• Task description: A complete answer lists every line of the entries below where the string "emprendimiento" appears.

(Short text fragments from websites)
※

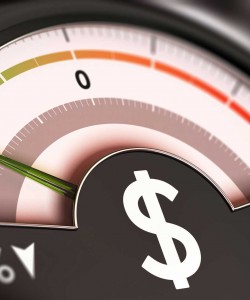 A photo of a speedometer with the dollar sign instead of mph / kmh.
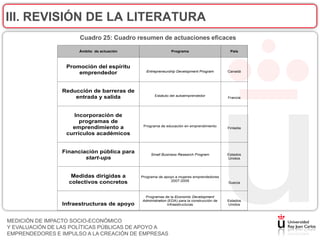 III. REVISIÓN DE LA LITERATURA
                      Cuadro 25: Cuadro resumen de actuaciones eficaces

                      Ámbito de actuación                   Programa                        País



                  Promoción del espíritu
                                              Entrepreneurship Development Program         Canadá
                      emprendedor


                Reducción de barreras de
                                                   Estatuto del autoemprendedor
                    entrada y salida                                                       Francia




                     Incorporación de
                       programas de
                                             Programa de educación en emprendimiento
                    emprendimiento a                                                       Finladia
                  currículos académicos


                Financiación pública para        Small Business Research Program           Estados
                        start-ups                                                          Unidos




                   Medidas dirigidas a      Programa de apoyo a mujeres emprendedores
                                                           2007-2009
                  colectivos concretos                                                     Suecia



                                             Programas de la Economic Development
                                            Administration (EDA) para la construcción de   Estados
                Infraestructuras de apoyo                  infraestructuras                Unidos




MEDICIÓN DE IMPACTO SOCIO-ECONÓMICO
Y EVALUACIÓN DE LAS POLÍTICAS PÚBLICAS DE APOYO A
EMPRENDEDORES E IMPULSO A LA CREACIÓN DE EMPRESAS
 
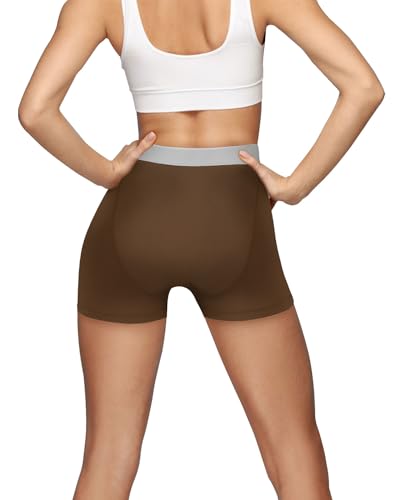 TIICHOO Periodenunterschwäsche Starke Blutung Boyshorts für Wochenbett Schwangerschaft Damen Unterwäsche 1er Pack(X-Large, 1 Kakaobraun) von TIICHOO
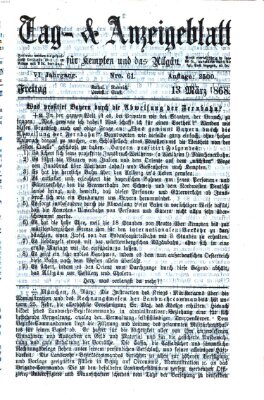 Tag- und Anzeigeblatt für Kempten und das Allgäu Freitag 13. März 1868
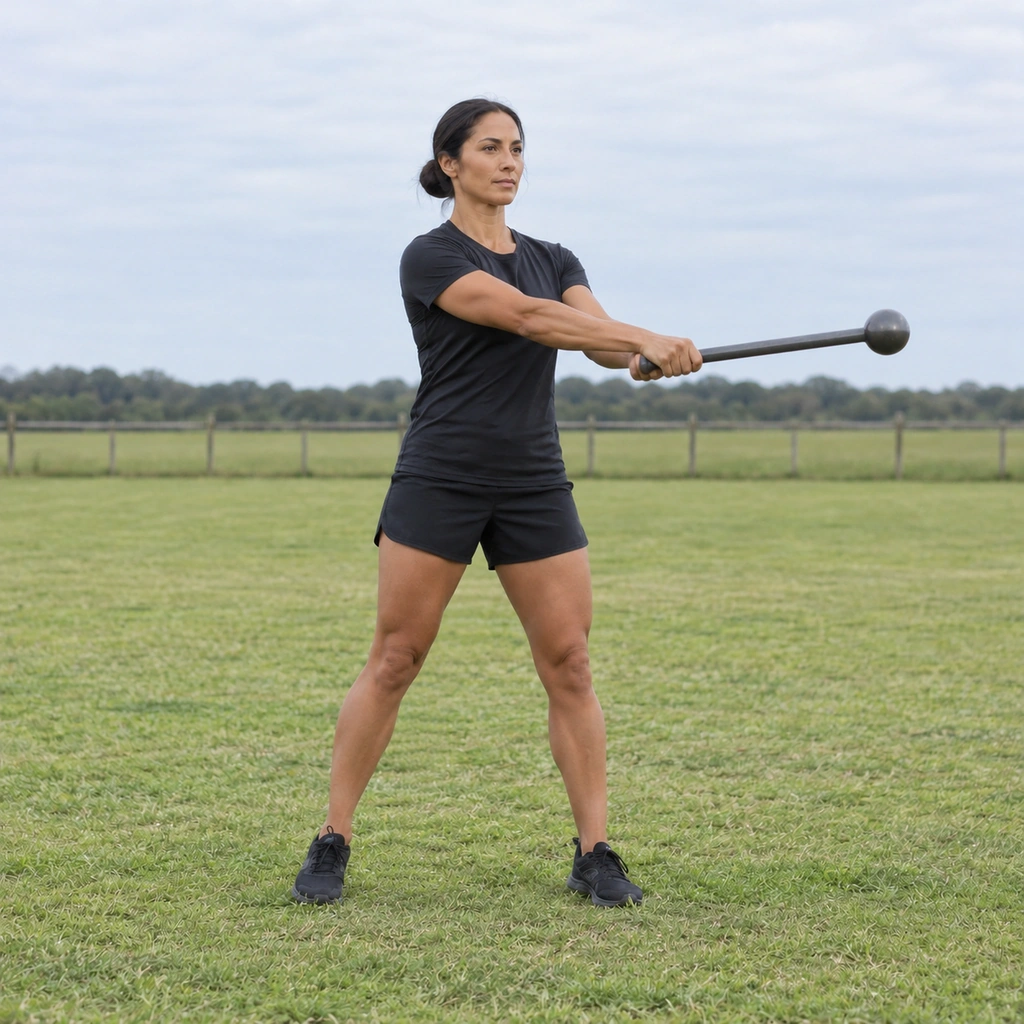 A woman casting a steel club laterally across the front of her body, her weight shifted to keep balance.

※

• Reply:
                                             Programa de educación en emprendimiento
                    emprendimiento a                                                       Finladia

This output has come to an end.